Thales Blog

Counting Down to the EU NIS2 Directive

May 23, 2024

Marcelo DeLima Marcelo Delima | Senior Manager, Global Solutions Marketing More About This Author >

Our recently released 2024 Data Threat Report showed a direct correlation between compliance and cyber security outcomes. 84% of organizations that failed a compliance audit reported having a data breach in their history. By contrast, for those that passed compliance audits, only 21% have a breach history. This correlation between passing audits and having fewer data breaches has increased over the years, with half as many organizations reporting a breach after passing audits as four years ago.

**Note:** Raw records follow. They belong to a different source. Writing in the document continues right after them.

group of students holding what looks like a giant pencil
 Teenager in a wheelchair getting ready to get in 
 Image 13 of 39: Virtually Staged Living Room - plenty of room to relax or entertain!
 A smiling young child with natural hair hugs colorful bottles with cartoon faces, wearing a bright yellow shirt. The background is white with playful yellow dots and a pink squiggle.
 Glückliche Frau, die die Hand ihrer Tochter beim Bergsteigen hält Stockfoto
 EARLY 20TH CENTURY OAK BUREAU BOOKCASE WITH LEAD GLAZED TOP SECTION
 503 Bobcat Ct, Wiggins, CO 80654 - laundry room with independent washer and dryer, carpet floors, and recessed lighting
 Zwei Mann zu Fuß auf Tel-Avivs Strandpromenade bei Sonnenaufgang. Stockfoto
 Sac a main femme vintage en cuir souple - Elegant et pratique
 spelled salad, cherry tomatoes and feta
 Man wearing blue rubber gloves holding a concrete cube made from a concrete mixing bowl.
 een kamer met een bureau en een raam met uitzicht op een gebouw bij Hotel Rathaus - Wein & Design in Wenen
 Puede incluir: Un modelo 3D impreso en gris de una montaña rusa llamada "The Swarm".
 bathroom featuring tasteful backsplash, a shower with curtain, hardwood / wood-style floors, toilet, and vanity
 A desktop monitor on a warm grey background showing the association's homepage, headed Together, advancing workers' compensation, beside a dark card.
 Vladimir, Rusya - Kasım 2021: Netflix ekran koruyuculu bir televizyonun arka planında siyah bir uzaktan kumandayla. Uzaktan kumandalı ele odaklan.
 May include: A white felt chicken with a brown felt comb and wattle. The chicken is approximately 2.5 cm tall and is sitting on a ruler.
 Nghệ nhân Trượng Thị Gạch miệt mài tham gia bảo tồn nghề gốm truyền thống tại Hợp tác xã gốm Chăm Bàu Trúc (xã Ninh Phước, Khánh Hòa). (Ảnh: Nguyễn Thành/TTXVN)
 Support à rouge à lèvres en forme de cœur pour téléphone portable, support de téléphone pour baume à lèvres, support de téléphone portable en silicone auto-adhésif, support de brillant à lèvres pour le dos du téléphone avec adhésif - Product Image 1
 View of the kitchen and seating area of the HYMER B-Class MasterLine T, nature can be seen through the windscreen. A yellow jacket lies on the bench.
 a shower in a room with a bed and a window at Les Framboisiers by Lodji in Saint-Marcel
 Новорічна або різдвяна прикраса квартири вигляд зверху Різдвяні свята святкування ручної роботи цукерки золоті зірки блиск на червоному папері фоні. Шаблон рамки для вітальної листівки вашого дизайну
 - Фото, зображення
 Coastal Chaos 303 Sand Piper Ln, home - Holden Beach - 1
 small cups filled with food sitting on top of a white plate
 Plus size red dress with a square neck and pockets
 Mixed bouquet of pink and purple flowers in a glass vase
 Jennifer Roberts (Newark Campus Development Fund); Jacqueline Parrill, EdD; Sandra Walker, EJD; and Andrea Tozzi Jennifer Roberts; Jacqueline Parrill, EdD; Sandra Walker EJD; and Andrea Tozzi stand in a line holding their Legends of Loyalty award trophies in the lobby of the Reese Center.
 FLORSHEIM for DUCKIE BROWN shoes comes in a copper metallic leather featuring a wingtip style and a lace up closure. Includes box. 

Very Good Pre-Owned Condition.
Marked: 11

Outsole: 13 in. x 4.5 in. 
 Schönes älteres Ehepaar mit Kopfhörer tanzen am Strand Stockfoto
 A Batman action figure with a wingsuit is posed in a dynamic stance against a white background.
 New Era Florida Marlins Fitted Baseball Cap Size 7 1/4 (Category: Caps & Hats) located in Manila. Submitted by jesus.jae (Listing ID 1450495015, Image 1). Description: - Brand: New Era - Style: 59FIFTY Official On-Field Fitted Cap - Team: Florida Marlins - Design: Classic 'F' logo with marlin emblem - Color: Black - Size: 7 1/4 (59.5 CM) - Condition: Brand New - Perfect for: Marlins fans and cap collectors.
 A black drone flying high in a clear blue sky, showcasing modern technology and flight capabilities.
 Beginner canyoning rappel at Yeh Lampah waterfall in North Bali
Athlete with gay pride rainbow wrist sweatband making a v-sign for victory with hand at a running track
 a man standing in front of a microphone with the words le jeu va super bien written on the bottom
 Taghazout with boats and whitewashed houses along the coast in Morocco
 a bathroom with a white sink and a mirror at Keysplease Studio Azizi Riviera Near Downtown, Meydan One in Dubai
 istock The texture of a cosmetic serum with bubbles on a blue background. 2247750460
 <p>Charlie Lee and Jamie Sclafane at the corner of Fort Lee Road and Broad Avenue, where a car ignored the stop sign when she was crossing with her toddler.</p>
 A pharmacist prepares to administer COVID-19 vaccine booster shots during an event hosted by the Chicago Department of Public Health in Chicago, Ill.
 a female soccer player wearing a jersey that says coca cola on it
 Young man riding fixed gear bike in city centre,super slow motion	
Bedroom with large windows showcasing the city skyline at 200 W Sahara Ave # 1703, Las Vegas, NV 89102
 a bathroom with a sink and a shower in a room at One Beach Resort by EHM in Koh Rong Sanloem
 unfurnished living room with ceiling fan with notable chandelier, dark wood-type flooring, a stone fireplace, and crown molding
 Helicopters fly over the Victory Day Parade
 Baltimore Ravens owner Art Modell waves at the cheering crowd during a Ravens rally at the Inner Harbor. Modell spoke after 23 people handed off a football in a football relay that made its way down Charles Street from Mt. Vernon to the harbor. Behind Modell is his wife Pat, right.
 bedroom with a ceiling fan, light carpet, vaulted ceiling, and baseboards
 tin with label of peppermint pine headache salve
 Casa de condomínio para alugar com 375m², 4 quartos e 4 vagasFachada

A big reason for this is better, stricter, and more detailed regulations, leading to improved, more stringent, and increasingly detailed audits that uncover vulnerabilities before they can be exploited. Very soon, a long-anticipated cyber resilience regulation comes into effect, promising to raise the compliance bar once again. On 17 October 2024, European Union Member States must adopt and publish the measures necessary to comply with the Network and Information Security Directive (NIS2). They start enforcing those measures the very next day.

Evolving from NIS to NIS2

Initially adopted in 2016, the original Network and Information Security Directive (NIS) relied heavily on the discretion of individual member states and lacked accountability. In response to growing threats posed by increasing digitalization and the surge in cyber-attacks, the EU adopted NIS2 to strengthen security requirements and cyber resilience.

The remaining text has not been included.